As mentioned before, Texas beaches are considered "Public" and as a roadway. Only street legal vehicles are legal. And all other laws on our roads apply to the beaches. Seat belts, open containers and be carefull about the speed limits.

It's 10 mph on Galvetraz.


----------



## Bobby (May 21, 2004)

It seems that they always work on them on the beach. Looks like they would have them running good before they brought them to the beach.:rotfl:


----------



## boom! (Jul 10, 2004)

:hairout:

I got nothing, i just never have used the little mad dude....


----------



## Pasadena1944 (Mar 20, 2010)

FlatoutFishin said:


> Then theres those **** waverunner/ jet ski things that keep tearing the waves up so we don't get to enjoy them. Where's the justice!:hairout:
> 
> I think its been like that now for.......at least 25 years! But I see your point.
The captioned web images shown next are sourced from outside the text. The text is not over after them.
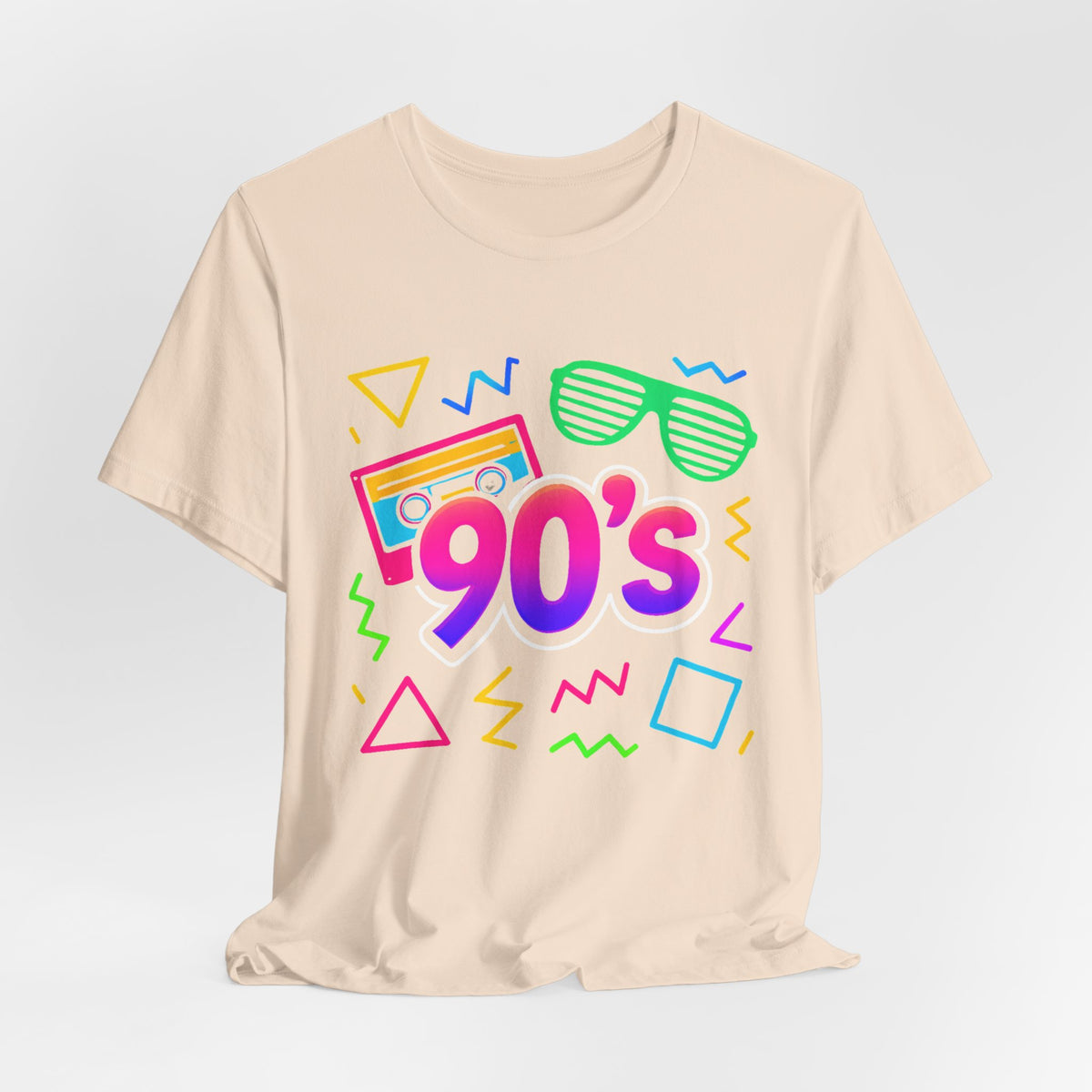Oldschool-Musik der 90er – Arcade-Vibes. Klassischer 90er-Jahre-Vintage-Look. Retro-T-Shirt „I Heart The Nineties“ aus den 90ern.
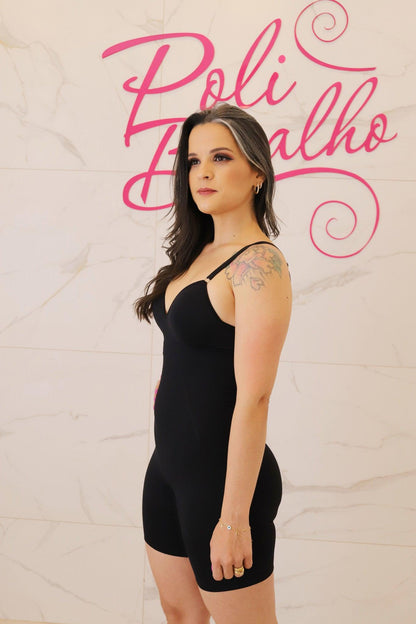 Control Skin Medium Strap Jumpsuit - Black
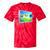 Frutiger Aero Fish Tie-Dye T-Shirts Red Tie-Dye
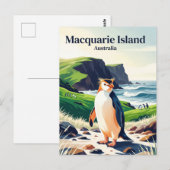 Macquarie-Insel Australien Postkarte (Vorne/Hinten)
I wouldn't mind paying maybe $2.00 to park if it is used to clean the beaches... It's just that I remember when the beaches were *open and free* to the public...


----------



## ShadMan (May 21, 2004)

If your ATV is street legal (license plates, etc) you can drive it on the beach. The beach is considered a roadway, so all vehicles have to be street legal to be on the beach. That's always been the law, but it is selectively enforced. Some areas allow golf carts on the beach, even though they are illegal according to state law.


----------



## kenny (May 21, 2004)

FlatoutFishin said:


> Especially those souped up stand up kind...buncha **** punks think they own the place!


Man, I had forgot about this.
Several 4th of July's ago a couple of truck loads of guys from the Dallas area with the super modified stand up jet skis drove up at Jamaica Beach. There are hundreds of people enjoying a day at the beach and these punks with the nitro burning rockets crank 'em up. It's incredibly load and obnoxious. These dudes are oblivious or could care less that they're ruining a lot of family fun with the noise and fumes as they go out doing back flips and stuff. 
Everyone was complaining to one another but no one would say anything to these young guys......except me!
I walked over and pointed out to these guys that they were ruining the beach for a lot of people, and that's the last thing I remember!


----------



## SpecklFinAddict (Dec 19, 2004)

kenny said:


> Man, I had forgot about this.
> Several 4th of July's ago a couple of truck loads of guys from the Dallas area with the super modified stand up jet skis drove up at Jamaica Beach. There are hundreds of people enjoying a day at the beach and these punks with the nitro burning rockets crank 'em up. It's incredibly load and obnoxious. These dudes are oblivious or could care less that they're ruining a lot of family fun with the noise and fumes as they go out doing back flips and stuff.
> Everyone was complaining to one another but no one would say anything to these young guys......except me!
> I walked over and pointed out to these guys that they were ruining the beach for a lot of people, and that's the last thing I remember!


Probably more like 15-20 and I'm guessing tequilla was involved! LOL


----------



## GreyGoose (Jul 26, 2008)

what about those ppl that ride the golfcarts down there, are they getting tickets too?


----------



## speckle-catcher (May 20, 2004)

Gary said:


> Two weeks ago I saw two grown men riding a quad at SLP, and the guy in the back was holding his arms around the driver... They wern't wearing shirts.
> 
> :an6:
> 
> ...


you trying to catch one?

hope you practice catch and release.


----------



## speckle-catcher (May 20, 2004)

FlatoutFishin said:


> Then theres those **** waverunner/ jet ski things that keep tearing the waves up so we don't get to enjoy them. Where's the justice!:hairout:





FlatoutFishin said:


> Especially those souped up stand up kind...buncha **** punks think they own the place!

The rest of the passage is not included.